Really have no idea what your Toronto is... do you go to Taste of the Danforth?
 
I always thought it delightfully redundant that one of the world's most multi-cultural cities (where you can eat, shop et al in many countries without a real passport or a plane ticket)... anually staged a charming, clumsy and amateurish, but always entertaining "festival" called Caravan.

In a city where you could sample good international cuisine from dozens of countries any month in the year, locals (and some tourists) annually purchased "passports" so they could enter a pavillion (some found space), line up for luke-warm channa or dim sum, and clap for somebody's 12 year old who learned a few steps of the tango, Bharatnatyum, Thai classical or polka.

And it was still fun. Vive le/la difference.

Though admittedly, when Caravan was in its prime back in the 60s/70s, Toronto *didn't* yet have the thoroughgoing multicultural retail/restaurant infrastructure it has now. But once that matured, yes, it spelled doom for Caravan. (Though, yes, arguably Taste Of The XXX-type festivals are its heirs.)

Time-travel back a scant quarter century, to the intersection of Albion + Islington. Its strip malls were still humdrum blue-collar white-trash, Radio Shack and all--maybe as multicultural as it got was an Italian bakery or two. Now it's a Little India to the bone...
 
I don't think it's wrong for us to be inspired by other cultures, but it's extremely unimaginative and tacky, quite frankly, in my opinion to do so in such a literal way. The experience of Chinese Canadians here in Canada, or of any other Canadians for that matter, is enormously different from that of those in China. Why not use that difference of reality and experience to find or develop a language of design and expression that represents that community/neighbourhood honestly, fairly and creatively and that thereby offers something new and unique for the city?
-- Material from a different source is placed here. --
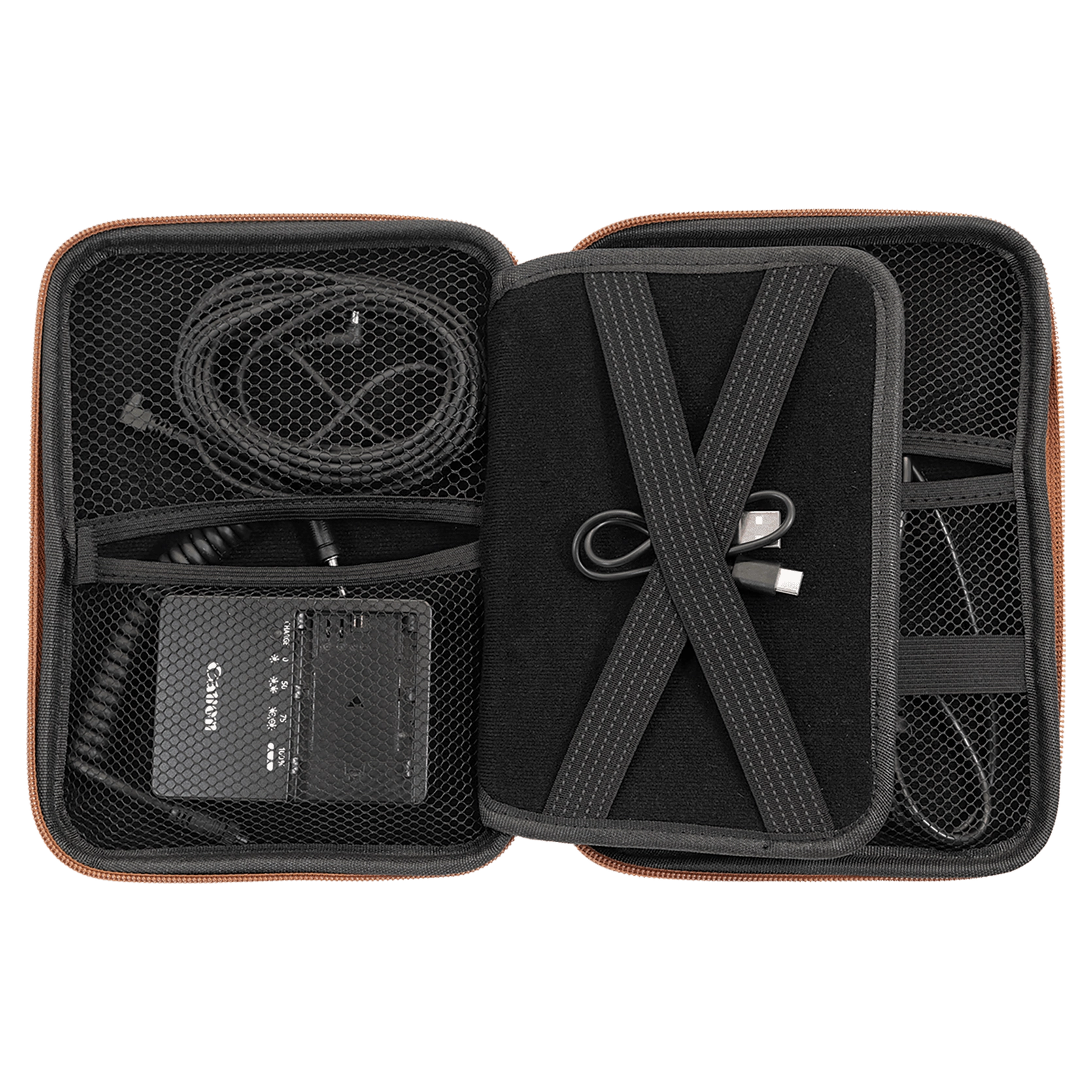 8 1/2" x 6" x 1 3/4" Leatherette Cord Organizer Case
It's interesting to note that this gate is proposed by Chinatown East, which is probably the most Chinese-Canadian neighbourhood in the GTA, as opposed to just being "Chinese". That neighbourhood is probably the opposite of strip malls up here in Scarborough, Markham and Richmond Hill, which tend to identify themselves as catering only to the Chinese population.

Curiously, Chinese people in Markham or Scarborough or even Spadina and Dundas really don't care about the Chinatown gate, which I think is because there are so many reminders of Chinese culture in these areas that a gate isn't really necessary. Chinatown East, on the other hand, is fighting a battle to keep its identity as a Chinese community (it has frequently been seen as a dying Chinatown). I see the Chinatown gate, in a way, as a reminder to the Chinese-Canadians in that neighbourhood of their Chinese heritage.

This idea seems to be common in just about every 'dying' Chinatown in Canada. Chinatowns in Victoria BC, downtown Vancouver, Winnipeg and Montreal also have Chinatown gates. With the exception of Vancouver, these Chinatowns are struggling to survive because few Chinese immigrants choose to live in those cities. On the other hand, newer Chinese communities in Canada, like Richmond BC, Scarborough and Markham have absolutely no gates to speak of. It's actually the more 'Canadian' Chinese communities that are building the gates, not the ones that are more 'Chinese'.
 
It does seem like these sorts of things happen when a neighbourhood's authentic culture feels it's on the way out, or has been out for some time already and needs to be memorialized by a physical monument. Hopefully such kitchy gates aren't necessarily always tombstones commemorating what once was, but that's certainly been my experience in London, San Fran, Yokohama and many other cities with prominent historic chinatowns. It seems the real, living chinatowns are too busy existing to be bothered to worry about mythologizing themselves.

Having said that, I don't feel it's inappropriate to commemorate a historic chinatown with an appropriate physical monument, of course.